Right now my dad and I are in a good place. I moved out of their home when I was 20, and my relationship with my mum and dad has only got better since then. When I lived at home we argued a lot. I think because we’re different in so many of our habits, but similar in our unfortunate temperaments and stubborn natures, we tended to grate against one another quite a bit. Since I moved out and we all have our own space again, we get along pretty well. I worry, though, that my dad and I aren’t as close as other father/son relationships. We don’t have the common link of an interest or point of view to allow for bonding. I don’t understand what he enjoys, and the same could be said of him. I worry that we get on, but that we might be missing something that other fathers and sons have. I also worry that he’s lonely, because his mum and dad (my gran and grandpa) died within a few years of one another (my gran died just last year), and I wish that I could do more to reach out to him about this. I know this wouldn’t work as he’s pretty old school and would only be embarrassed, but I’m still left with the urge to do something.

So here I am, writing this in a medium I know my dad will never be interested in exploring, perhaps precisely for that reason. Writing it for others to read, but meaning it for my dad (this would be, for those of you wondering about the title, the “this feels silly” part). Dad, I love you. Thanks for looking after me. Thanks for helping make me who I am today, because when all’s said and done I don’t think I’ve turned out too bad. Not brilliantly, but you’re only human. Thanks for my brothers (okay so mum, you deserve most of the credit there but you get your own day) and for once, when I was a child, threatening a fairground ride operator with the most bloodcurdling violence if he didn’t get me off the ride that was scaring me senseless right then and there. The fact that you were on the ride too and had to deliver your threats and promises of retribution in the 5 second window you had as you passed his operator’s station only speaks to your effectiveness as far as I’m concerned. Thanks for all the cooking, the tidying up after me and the generally sticking up for me. Thanks for putting me through Uni and not being too disappointed when you, a football mad, horse-racing lover saw your son sitting at the table building his first ever airfix model kit of the Starship Enterprise.
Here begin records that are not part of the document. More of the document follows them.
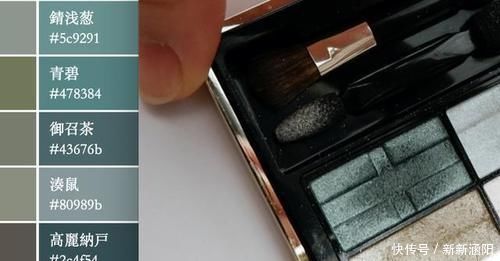 宝藏|小众、停产、贵妇、宝藏……日杂妆的精髓果然在日系彩妆的光泽里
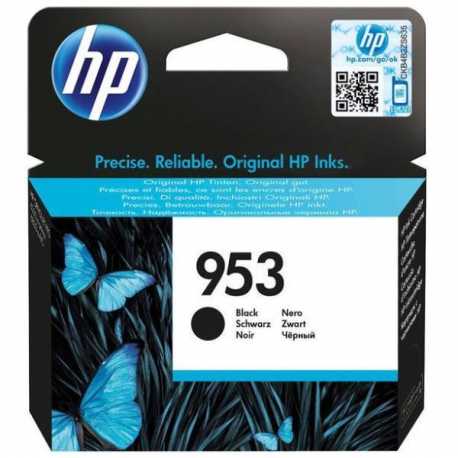 HP 953 - L0S58AE Siyah Orijinal Mürekkep Kartuşu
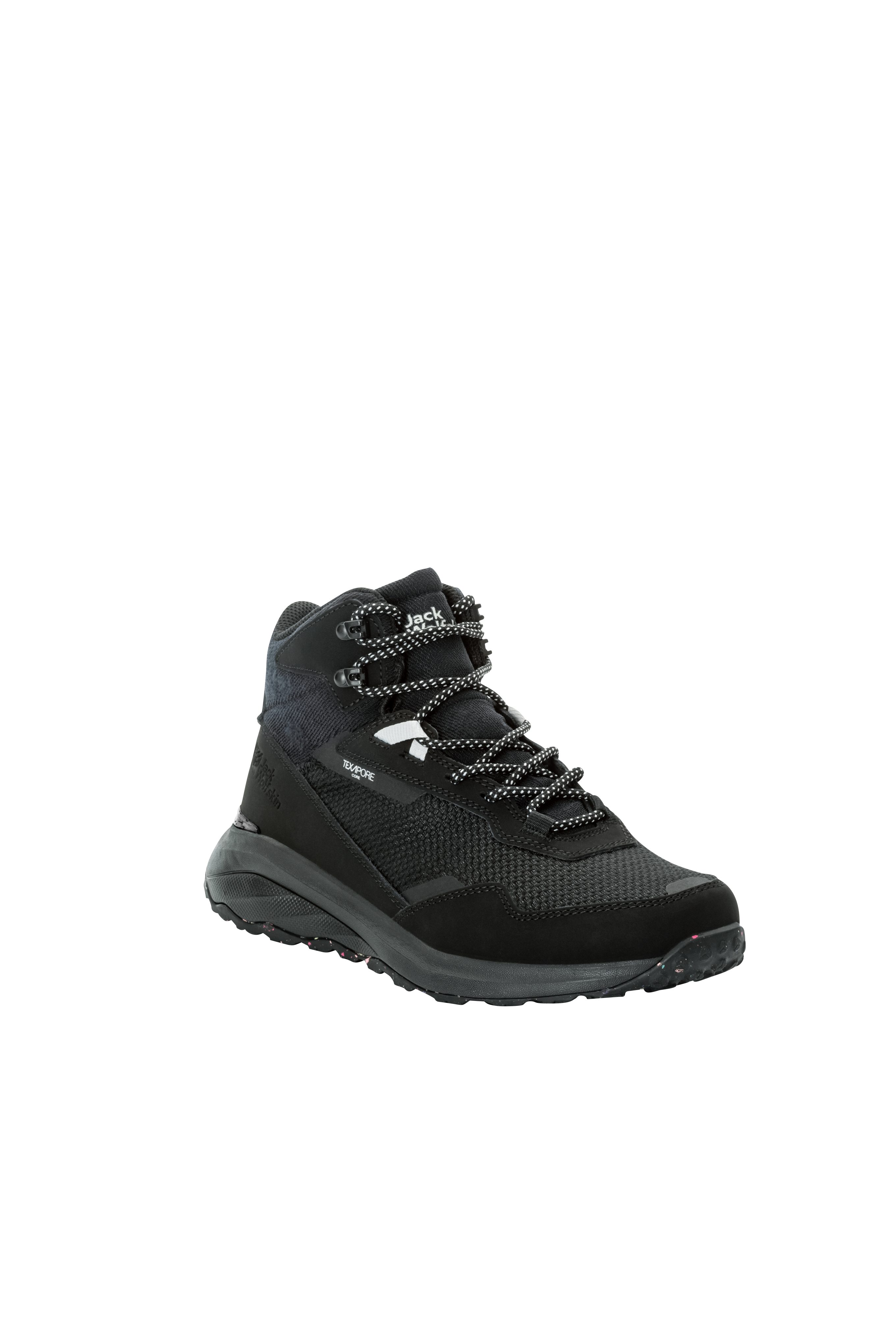 Jack Wolfskin DROMOVENTURE TEXAPORE MID W Wanderschuh Wasserdicht, Trekking günstig online kaufen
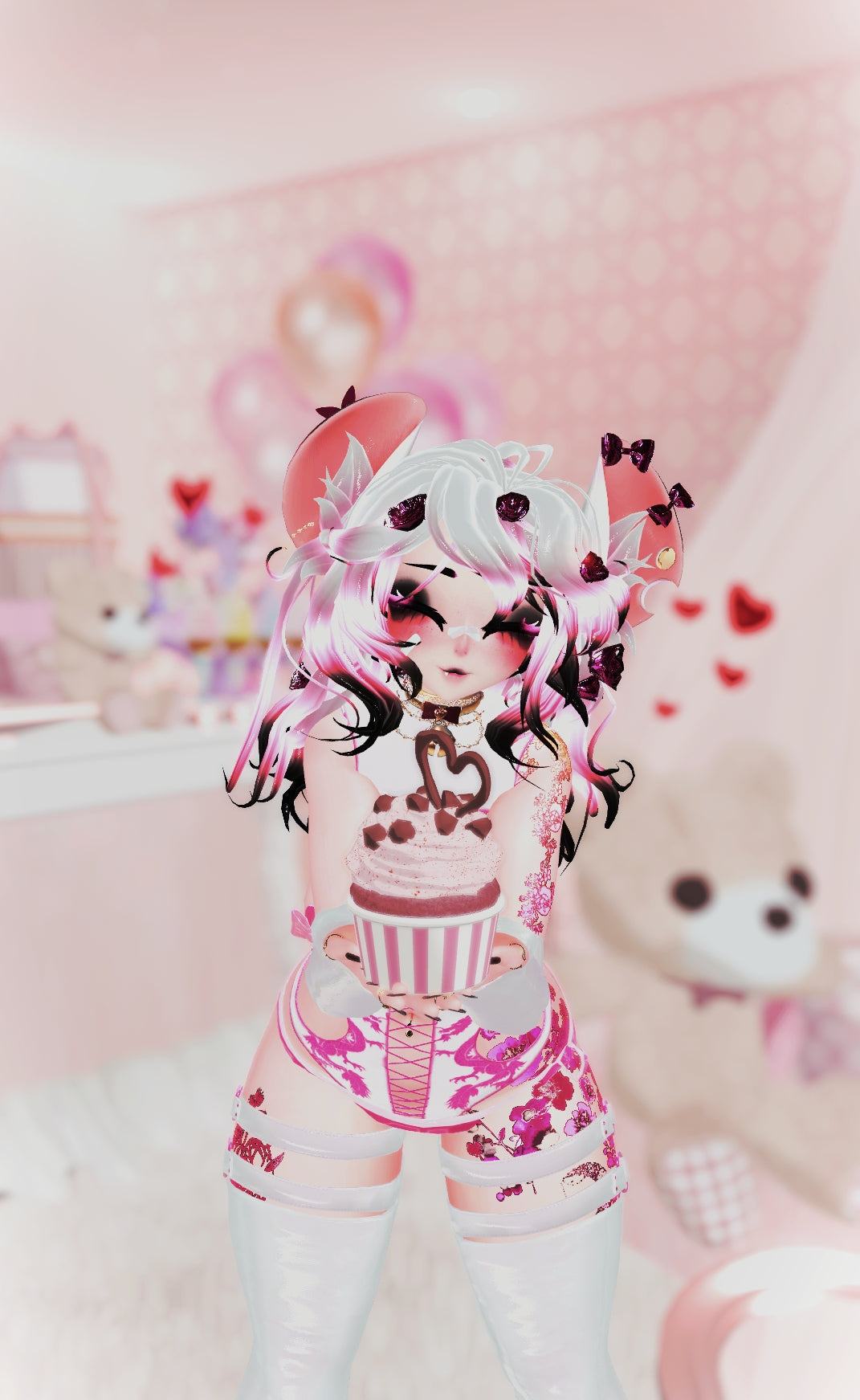 ╭┈ヾSpoon, The Seductress Rat 🐀| Personal License Only | PC + QUEST - DippinDotty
I still wish you had rethought the hairline, though.

7 Responses to “Fashionably late (or, this feels silly)”

  1. Wendy Says:

    That was a really good post Fawndoo. Thanks for the read.

  2. Lorna Says:


  3. FawnDoo Says:

    Thank you both for the kind words. I did feel kind of silly writing some of that, but I hope it didn’t come off as too mawkish or sentimental.

  4. Wendy Says:

    It comes off completely sentimental, but that isn’t a bad thing is it?

  5. FawnDoo Says:

    Sentimental isn’t a bad thing, no, if it’s in small doses. Too sentimental, now that’s another matter! :-)

  6. Lorna Says:

    for too sentimental, see my post about my dad—couldn’t help myself though. And I’m sticking with stellar

  7. Meepers Says:

    I think that post was just wonderful. I love the part about his getting you off the carnival ride. Sentimental and sweet, but very truthful in a positive way. Sorry about the hairline, I hope you have a good head for a shaved look.